Peter Myers, 29th October 1999
When I was a child, I was taught that Civilisation was good. In my primary school each student had his own Social Studies text-books, which taught about Ancient Babylon, Egypt, Greece and Rome. They also taught me about society's increasing use of energy, and that nuclear energy was good. In junior high school I studied Latin. My other subjects were Maths I and II, Physics, Chemistry, and French. Religion was tacked on too, because I attended a Catholic school; but if we count it out, then four of my six subjects were Maths-and-Science, and a high standard was demanded. I never studied Ancient History in high school as a subject, but I used to read it as a hobby. It too taught me about Ancient Civilisations, including those of America.
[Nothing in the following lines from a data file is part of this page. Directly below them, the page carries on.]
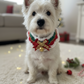 Handmade Xmas Bandana with a Bell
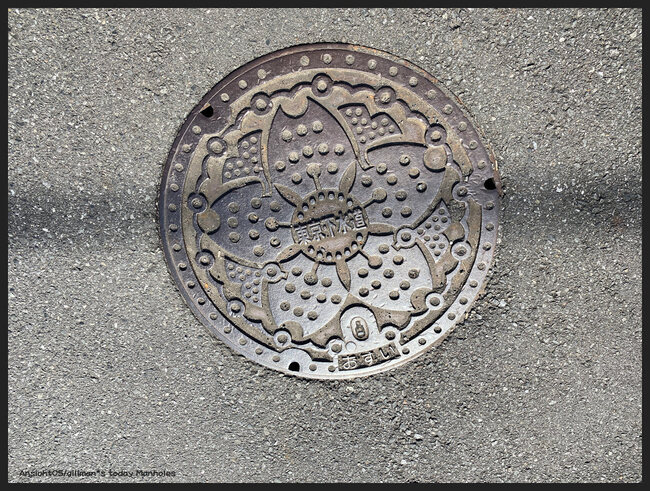 東京都IMG_7682.JPG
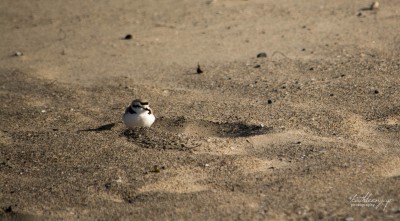 Snowy Plover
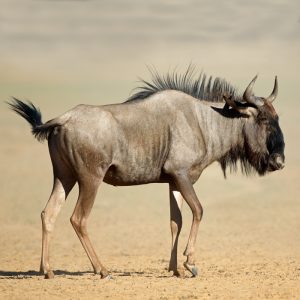 Wildebeest, Blue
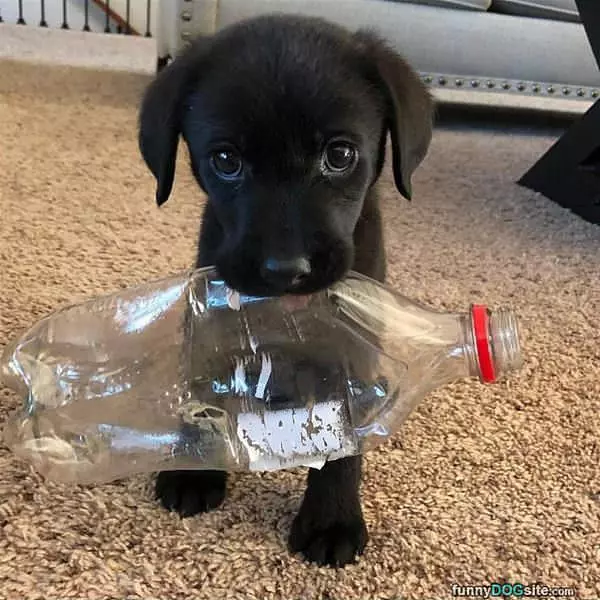 Nommm Nom Nom
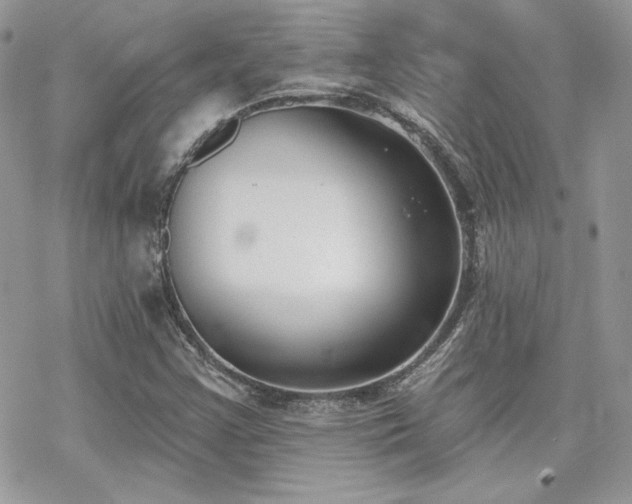 X0000070241355200606051114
If I had gone straight to university from high school, I would have studied Engineering. Instead I was persuaded to enter a Catholic seminary, where my interest in such matters withered, and I became something of a scholastic philosopher. When I left after several years and went to university, I did not study any maths or science subjects at all; instead I studied philosophy and anthropology. Anthropology was a sort of secular equivalent of theology; but it was pretty-much anti-Civilisation. Nearly all of the peoples we focused our minds on were aboriginals or tribes which had been conquered by the Civilisations. Our emphasis was not on the virtues of Civilisation but on its evils. At the same time the Marxist philosophy was current among many Anthropology and Sociology lecturers. Marx attacked all of the Civilisations; and his most subtle attack on them was to redefine them. Instead of calling them Civilisations, he called them "Class Societies".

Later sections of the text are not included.